By their very nature, third culture children tend to have advanced linguistic skills. Not only will they speak their parents’ language, for example, but they are also required to learn the verbiage and dialects of their adopted country. This can even inspire a thirst for knowledge that inspires them to learn more languages, as they embark on a course of higher education and their career. This translates into a practical leadership skill, as third culture kids find it easier to communicate with people of various nationalities and origins whether they are looking to mediate or interact with an international team of employees.
4. They have an innate understanding of remote communication and its platforms.
Not only can third culture kids interact in various languages and dialects, but they are also well-versed in contemporary communication techniques and platforms. With friends and relatives living across numerous continents, they are forced to use instant messenger and video call resources regularly in order to maintain contact while also reducing living costs. Modern communication tools such as Blackberry Messenger, Skype, and Viber play pivotal roles in driving global businesses and political movements, so those in positions of leadership must have knowledge of how to use them to their fullest potential.
5. They are well-suited to managing change.
No matter how or where you apply your leadership skills, one of the key requirements is that you are able to effectively manage change. This is something that comes naturally to third culture kids, who at some point in their infancy are forced to relocate and adapt to a new and entirely unfamiliar cultural environment. This creates a stronger and more robust mental focus, which enables individuals to cope better with change and empower others to do the same. As leaders, this demographic is able to empathise with the negative impacts of change and manage these in a way that helps those who are struggling.
6. They are constantly seeking knowledge and understanding.
In some respects, third culture kids are rootless. This is not necessarily a negative thing, however, as the lack of a fixed cultural identity tends to encourage curiosity and empowers individuals to seek out their own sense of belonging. As a result of this, third culture children are constantly seeking out knowledge and understanding, as they look to carve their own unique place in the world. This translates well into leadership, where those with the responsibility for others must embark on a path of relentless self-improvement and constant learning.
7. They have enhanced time management skills.
As a general rule, the relationship dynamics associated with third culture kids tends to evolve considerably throughout childhood. Not only are they likely to leave family behind in their parents’ homeland, for example, but they may also separate from close friends who have had a keen influence on their lives. They may even decide to return to their parent’s country of birth at some point during their childhood, which completes the cycle and leaves both friends and family members scattered around the world. Maintaining these relationships alongside factors such as education, work, and time zone variations can be challenging, although the experience leaves third culture kids with the type of improved time management and organisation skills that are central to good leadership.

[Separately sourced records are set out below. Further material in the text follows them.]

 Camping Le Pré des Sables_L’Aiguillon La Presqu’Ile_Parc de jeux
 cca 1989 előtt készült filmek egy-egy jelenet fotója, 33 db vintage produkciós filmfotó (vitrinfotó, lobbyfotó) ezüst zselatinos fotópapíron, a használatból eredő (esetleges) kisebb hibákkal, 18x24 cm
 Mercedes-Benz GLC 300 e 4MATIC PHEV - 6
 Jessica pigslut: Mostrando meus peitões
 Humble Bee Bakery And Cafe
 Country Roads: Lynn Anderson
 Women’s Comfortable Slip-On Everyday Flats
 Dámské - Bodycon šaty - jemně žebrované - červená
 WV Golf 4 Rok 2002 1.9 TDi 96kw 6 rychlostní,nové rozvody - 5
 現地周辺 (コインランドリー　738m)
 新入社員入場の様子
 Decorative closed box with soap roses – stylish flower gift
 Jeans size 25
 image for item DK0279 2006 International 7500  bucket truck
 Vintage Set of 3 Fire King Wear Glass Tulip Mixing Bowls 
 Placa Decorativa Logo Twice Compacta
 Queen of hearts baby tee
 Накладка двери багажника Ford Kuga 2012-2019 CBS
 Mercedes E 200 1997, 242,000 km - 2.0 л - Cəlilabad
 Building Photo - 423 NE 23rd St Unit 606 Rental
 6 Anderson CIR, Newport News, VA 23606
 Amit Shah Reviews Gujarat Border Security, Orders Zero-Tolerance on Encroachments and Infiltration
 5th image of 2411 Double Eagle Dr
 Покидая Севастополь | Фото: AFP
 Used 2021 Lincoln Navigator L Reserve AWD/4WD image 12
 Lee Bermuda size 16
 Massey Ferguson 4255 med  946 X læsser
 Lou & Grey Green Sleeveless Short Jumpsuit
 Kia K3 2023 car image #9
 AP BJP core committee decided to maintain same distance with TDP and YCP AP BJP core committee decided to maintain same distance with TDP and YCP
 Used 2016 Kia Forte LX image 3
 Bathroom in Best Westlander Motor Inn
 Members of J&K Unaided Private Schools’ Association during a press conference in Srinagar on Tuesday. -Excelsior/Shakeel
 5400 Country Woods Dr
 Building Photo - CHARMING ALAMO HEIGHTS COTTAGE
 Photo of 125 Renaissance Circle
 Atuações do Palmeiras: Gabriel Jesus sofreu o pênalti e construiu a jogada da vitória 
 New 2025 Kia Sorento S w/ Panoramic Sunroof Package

8. They are likely to have grown up with a strong business background.
Children born to powerful parents in the worlds of business and commerce are among the most likely to become third culture kids. An estimated 63% of this demographic have also lived overseas for a period of 10 years or more, while the majority have also resided in more than two nations. As a result of this, third culture children grow up with an in-depth understanding of business and its demands, making them ideally equipped to evolve into a wide diversity of leadership roles during adulthood.